* RECORDS PROVIDED *
Start of Block

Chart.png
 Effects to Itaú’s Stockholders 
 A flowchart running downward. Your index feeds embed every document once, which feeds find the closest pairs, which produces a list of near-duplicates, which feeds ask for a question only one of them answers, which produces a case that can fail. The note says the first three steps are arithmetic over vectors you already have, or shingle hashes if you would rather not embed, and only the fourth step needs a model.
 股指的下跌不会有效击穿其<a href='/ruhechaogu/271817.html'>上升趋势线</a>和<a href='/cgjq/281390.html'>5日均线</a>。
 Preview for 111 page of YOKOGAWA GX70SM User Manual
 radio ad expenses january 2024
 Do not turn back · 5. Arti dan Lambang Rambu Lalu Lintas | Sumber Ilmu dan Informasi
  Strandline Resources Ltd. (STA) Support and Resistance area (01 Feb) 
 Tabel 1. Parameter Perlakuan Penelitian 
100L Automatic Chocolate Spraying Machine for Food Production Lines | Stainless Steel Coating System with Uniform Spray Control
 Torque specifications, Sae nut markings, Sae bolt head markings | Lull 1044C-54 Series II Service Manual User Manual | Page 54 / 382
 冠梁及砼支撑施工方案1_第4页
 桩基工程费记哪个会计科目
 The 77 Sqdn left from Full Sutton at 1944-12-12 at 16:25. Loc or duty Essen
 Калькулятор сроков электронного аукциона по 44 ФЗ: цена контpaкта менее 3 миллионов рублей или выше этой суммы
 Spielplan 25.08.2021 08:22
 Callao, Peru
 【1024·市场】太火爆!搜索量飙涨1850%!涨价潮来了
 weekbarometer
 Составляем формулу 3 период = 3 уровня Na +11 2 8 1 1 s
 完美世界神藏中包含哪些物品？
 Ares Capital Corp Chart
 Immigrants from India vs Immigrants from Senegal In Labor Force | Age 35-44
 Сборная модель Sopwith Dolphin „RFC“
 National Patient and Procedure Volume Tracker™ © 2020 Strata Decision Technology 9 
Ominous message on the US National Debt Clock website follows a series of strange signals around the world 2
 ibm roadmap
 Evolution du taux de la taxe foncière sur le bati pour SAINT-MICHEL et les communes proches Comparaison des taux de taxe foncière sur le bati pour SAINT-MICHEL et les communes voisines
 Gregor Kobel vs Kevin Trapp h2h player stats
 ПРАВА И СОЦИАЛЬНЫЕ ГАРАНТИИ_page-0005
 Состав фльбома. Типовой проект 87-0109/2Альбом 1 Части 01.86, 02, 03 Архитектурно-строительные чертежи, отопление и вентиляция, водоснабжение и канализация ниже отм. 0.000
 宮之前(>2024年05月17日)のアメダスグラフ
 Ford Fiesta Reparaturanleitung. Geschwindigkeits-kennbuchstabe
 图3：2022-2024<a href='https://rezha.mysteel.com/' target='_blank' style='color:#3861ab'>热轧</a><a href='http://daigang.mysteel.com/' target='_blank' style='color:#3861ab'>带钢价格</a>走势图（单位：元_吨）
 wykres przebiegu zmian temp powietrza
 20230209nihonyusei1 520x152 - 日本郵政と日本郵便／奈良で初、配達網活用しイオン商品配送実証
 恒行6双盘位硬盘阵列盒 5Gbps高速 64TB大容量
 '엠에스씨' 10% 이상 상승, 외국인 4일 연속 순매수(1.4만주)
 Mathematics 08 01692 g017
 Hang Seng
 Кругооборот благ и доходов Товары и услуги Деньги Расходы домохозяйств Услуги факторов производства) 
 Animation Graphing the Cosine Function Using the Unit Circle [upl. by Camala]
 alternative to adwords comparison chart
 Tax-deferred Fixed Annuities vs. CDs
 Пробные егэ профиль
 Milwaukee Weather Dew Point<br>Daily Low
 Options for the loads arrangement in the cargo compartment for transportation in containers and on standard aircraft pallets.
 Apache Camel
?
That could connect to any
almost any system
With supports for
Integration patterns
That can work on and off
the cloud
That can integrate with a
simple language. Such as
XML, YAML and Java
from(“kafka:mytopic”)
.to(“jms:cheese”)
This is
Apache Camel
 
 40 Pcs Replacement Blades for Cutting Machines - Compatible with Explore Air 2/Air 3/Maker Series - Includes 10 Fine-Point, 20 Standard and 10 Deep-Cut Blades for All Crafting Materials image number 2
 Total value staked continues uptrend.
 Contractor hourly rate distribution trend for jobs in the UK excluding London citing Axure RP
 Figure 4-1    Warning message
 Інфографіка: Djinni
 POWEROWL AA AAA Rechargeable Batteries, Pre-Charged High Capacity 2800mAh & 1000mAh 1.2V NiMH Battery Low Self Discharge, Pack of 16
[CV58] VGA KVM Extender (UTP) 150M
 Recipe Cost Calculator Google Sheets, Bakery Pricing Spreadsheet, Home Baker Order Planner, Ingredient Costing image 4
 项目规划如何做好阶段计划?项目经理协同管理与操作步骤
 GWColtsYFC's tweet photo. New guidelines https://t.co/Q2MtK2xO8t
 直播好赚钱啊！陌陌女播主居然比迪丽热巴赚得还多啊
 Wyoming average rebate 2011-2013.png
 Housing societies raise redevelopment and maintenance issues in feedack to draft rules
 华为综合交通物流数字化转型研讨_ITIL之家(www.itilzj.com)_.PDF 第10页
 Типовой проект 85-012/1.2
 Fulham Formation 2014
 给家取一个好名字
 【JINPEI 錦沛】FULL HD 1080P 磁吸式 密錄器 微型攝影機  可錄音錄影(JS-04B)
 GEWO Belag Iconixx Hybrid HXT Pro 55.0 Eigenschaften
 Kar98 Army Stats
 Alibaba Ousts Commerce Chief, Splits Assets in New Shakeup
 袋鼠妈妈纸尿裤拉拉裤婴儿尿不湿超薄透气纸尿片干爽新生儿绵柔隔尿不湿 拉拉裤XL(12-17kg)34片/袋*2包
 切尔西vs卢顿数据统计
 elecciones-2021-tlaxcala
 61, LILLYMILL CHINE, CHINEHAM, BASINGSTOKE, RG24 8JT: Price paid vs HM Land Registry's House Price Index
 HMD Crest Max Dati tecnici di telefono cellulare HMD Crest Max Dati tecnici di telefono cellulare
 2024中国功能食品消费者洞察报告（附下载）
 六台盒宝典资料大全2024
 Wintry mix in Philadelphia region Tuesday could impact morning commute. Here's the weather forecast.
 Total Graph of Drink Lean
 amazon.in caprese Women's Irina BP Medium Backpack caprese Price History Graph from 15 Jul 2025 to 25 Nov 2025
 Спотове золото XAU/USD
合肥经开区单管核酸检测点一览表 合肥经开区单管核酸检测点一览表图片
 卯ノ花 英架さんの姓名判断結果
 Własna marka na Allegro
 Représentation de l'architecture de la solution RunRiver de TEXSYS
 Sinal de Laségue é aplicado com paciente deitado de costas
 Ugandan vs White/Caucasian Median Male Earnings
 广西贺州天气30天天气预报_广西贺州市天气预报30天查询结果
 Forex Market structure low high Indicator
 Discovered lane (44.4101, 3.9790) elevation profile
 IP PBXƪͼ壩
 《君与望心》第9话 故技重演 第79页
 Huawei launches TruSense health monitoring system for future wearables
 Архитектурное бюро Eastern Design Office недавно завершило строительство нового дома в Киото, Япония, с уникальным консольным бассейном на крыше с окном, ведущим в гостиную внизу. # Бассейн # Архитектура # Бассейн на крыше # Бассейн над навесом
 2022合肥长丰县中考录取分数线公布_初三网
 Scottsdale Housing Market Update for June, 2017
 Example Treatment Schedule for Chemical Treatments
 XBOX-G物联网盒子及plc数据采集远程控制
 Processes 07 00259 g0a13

End of Block

* TASK TO CARRY OUT *
Using the records above, output exactly the lines from the one containing "Ugandan vs White/Caucasian" through the last line, and no others.

* RESULT OF THE TASK *
 Ugandan vs White/Caucasian Median Male Earnings
 广西贺州天气30天天气预报_广西贺州市天气预报30天查询结果
 Forex Market structure low high Indicator
 Discovered lane (44.4101, 3.9790) elevation profile
 IP PBXƪͼ壩
 《君与望心》第9话 故技重演 第79页
 Huawei launches TruSense health monitoring system for future wearables
 Архитектурное бюро Eastern Design Office недавно завершило строительство нового дома в Киото, Япония, с уникальным консольным бассейном на крыше с окном, ведущим в гостиную внизу. # Бассейн # Архитектура # Бассейн на крыше # Бассейн над навесом
 2022合肥长丰县中考录取分数线公布_初三网
 Scottsdale Housing Market Update for June, 2017
 Example Treatment Schedule for Chemical Treatments
 XBOX-G物联网盒子及plc数据采集远程控制
 Processes 07 00259 g0a13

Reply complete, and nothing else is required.